900 Numbers of the Past

Today, a 900 number quite often conjures up images of phone sex operators, but during the 1980s and 1990s, 900 numbers were used for all sorts of things. The very earliest 900 numbers weren’t built around exorbitant per-minute charges, but only set callers back for the normal long-distance charges. In March 1977, callers could dial a special 900 number and ask President Jimmy Carter a question for a national radio broadcast moderated by Walter Cronkite. Here are some of the other things that could be accomplished by dialing a 900 number:


People who were curious about what was going on during a space shuttle mission in the 1980s could call a 900 number provided by NASA and for $2 for the first minute and 45¢ per additional minute listen in on mission status reports.

Kill Off Robin
DC Comics found itself in an awkward spot in 1988 when Batman fans became truly sick of Jason Todd, the second character to fill of the roll of Robin.
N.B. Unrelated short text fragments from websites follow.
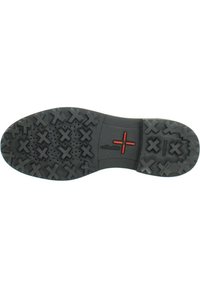 Suela de zapato de goma negra con textura y diseño de huellas en forma de X. Incluye un acento rojo y agujeros de ventilación en el costado.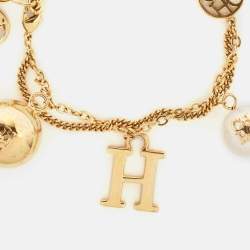 Carolina Herrera CH Faux Pearl Gold Tone Charm Bracelet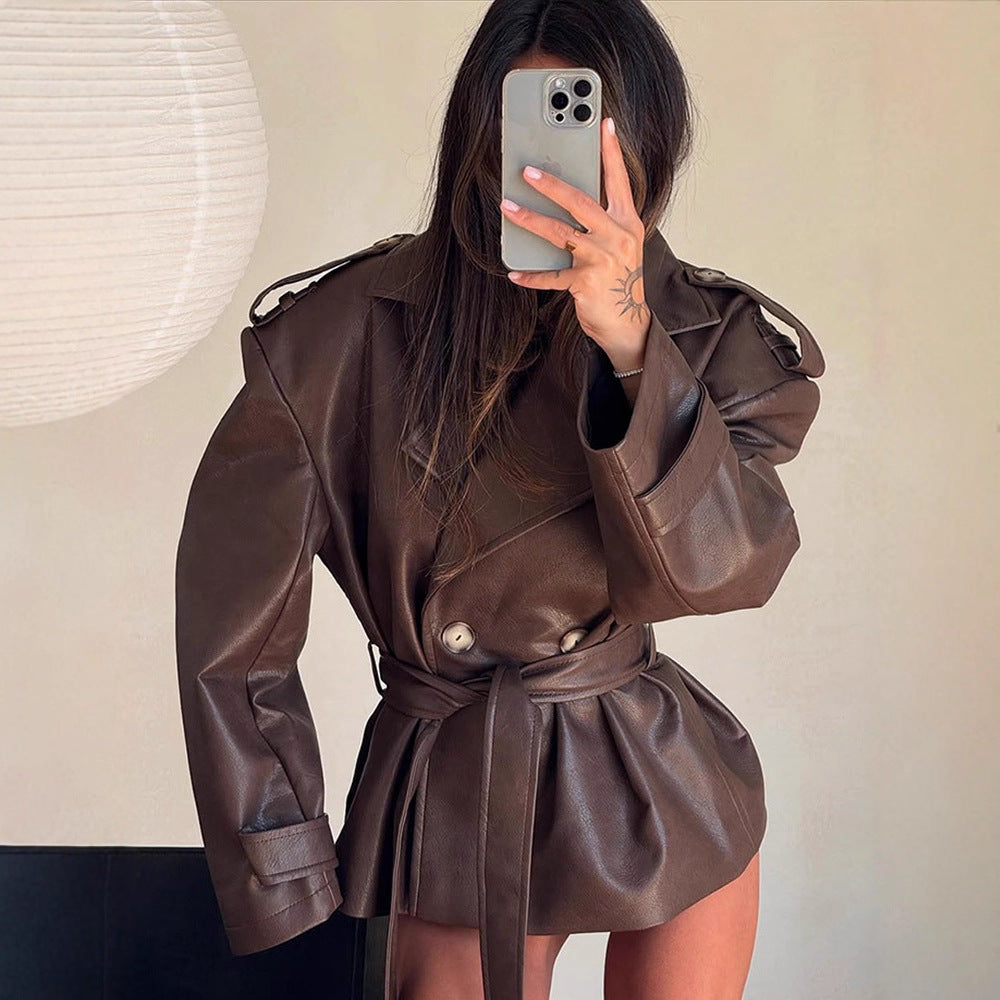 Women's short jacket made of faux leather with waistbelt and oversized shoulder area Mune Fashion
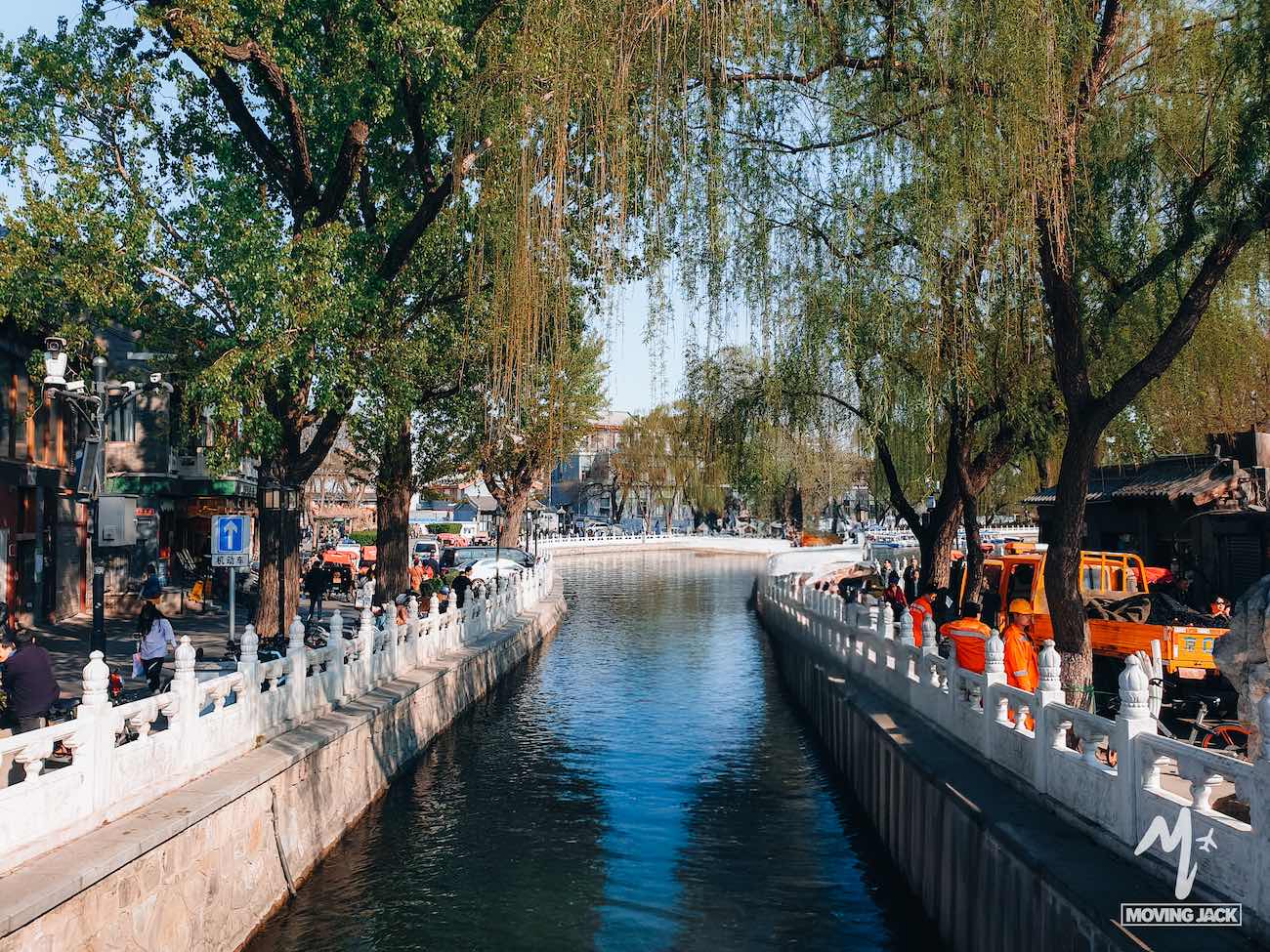 A canal lined with white railings and trees runs through an urban area, where people stroll along both sides—perfect for those exploring where to stay in Beijing—and maintenance workers in orange uniforms tend to the scene near orange vehicles.
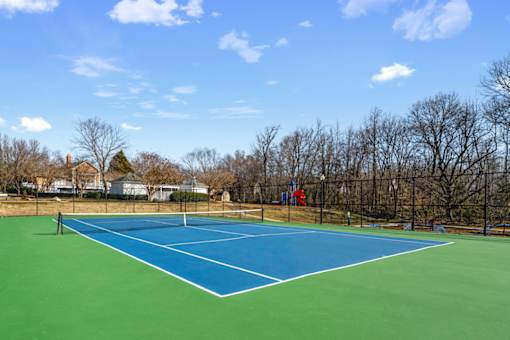 A blue and green tennis court with a white line down the middle.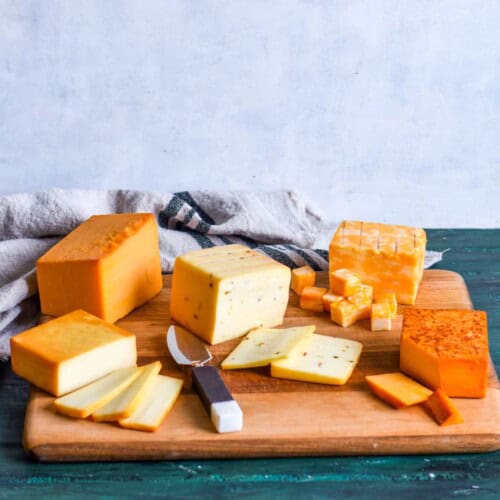 smoked cheese blocks sliced on wooden board.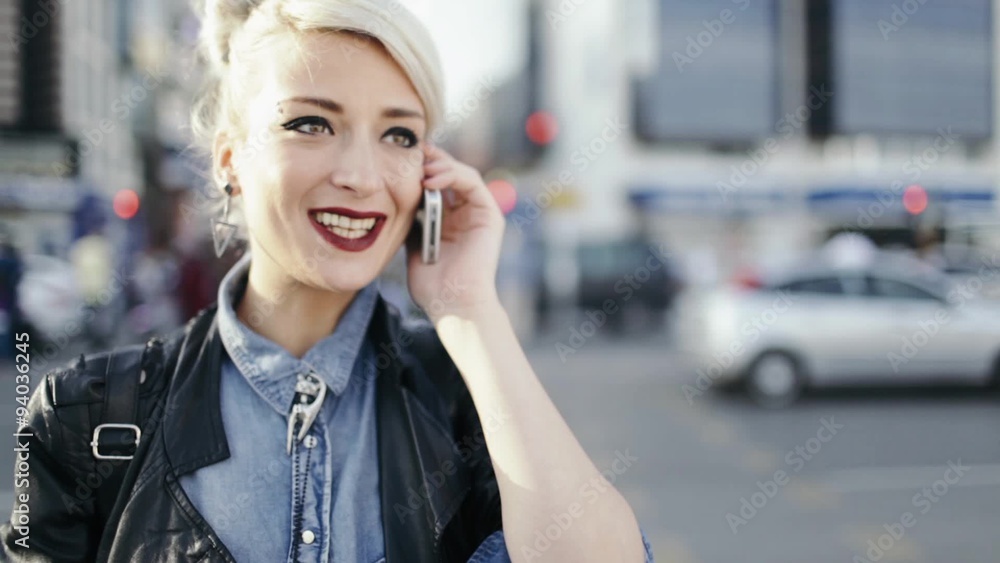 punk style young blond woman talking with smart phone outdoors punk style young blond woman talking with smart phone outdoors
DC didn’t know what to do with the character, so the writers let the fans decide by calling a 900 number that gave voters a 36-hour window to vote on whether the Boy Wonder should live or die. In case you’re curious, fans killed off Robin by a thin margin of 5,343 to 5,271.

Save Larry the Lobster
In 1983, Saturday Night Live ran a sketch in which Eddie Murphy held up “Larry the Lobster” and let viewers call a 900 number to decide whether or not he would boil the tasty crustacean. The voters had a soft spot for Larry and narrowly voted to save him from the pot.

Pick Your President
During the 1980 presidential debate, NBC allowed viewers to call a 900 number to log their preference for Jimmy Carter or Ronald Reagan. The results were the same as the actual election — the audience preferred Reagan.

Listen To the Indy 500 Pit Crew
In the early 1990s, open-wheel racing fans could listen in on the banter between Indy 500 drivers and their pit crews for $1.50 a minute. Since most of the discussion was full of highly technical jargon, the line also had a commentator who translated the lingo for the average fan.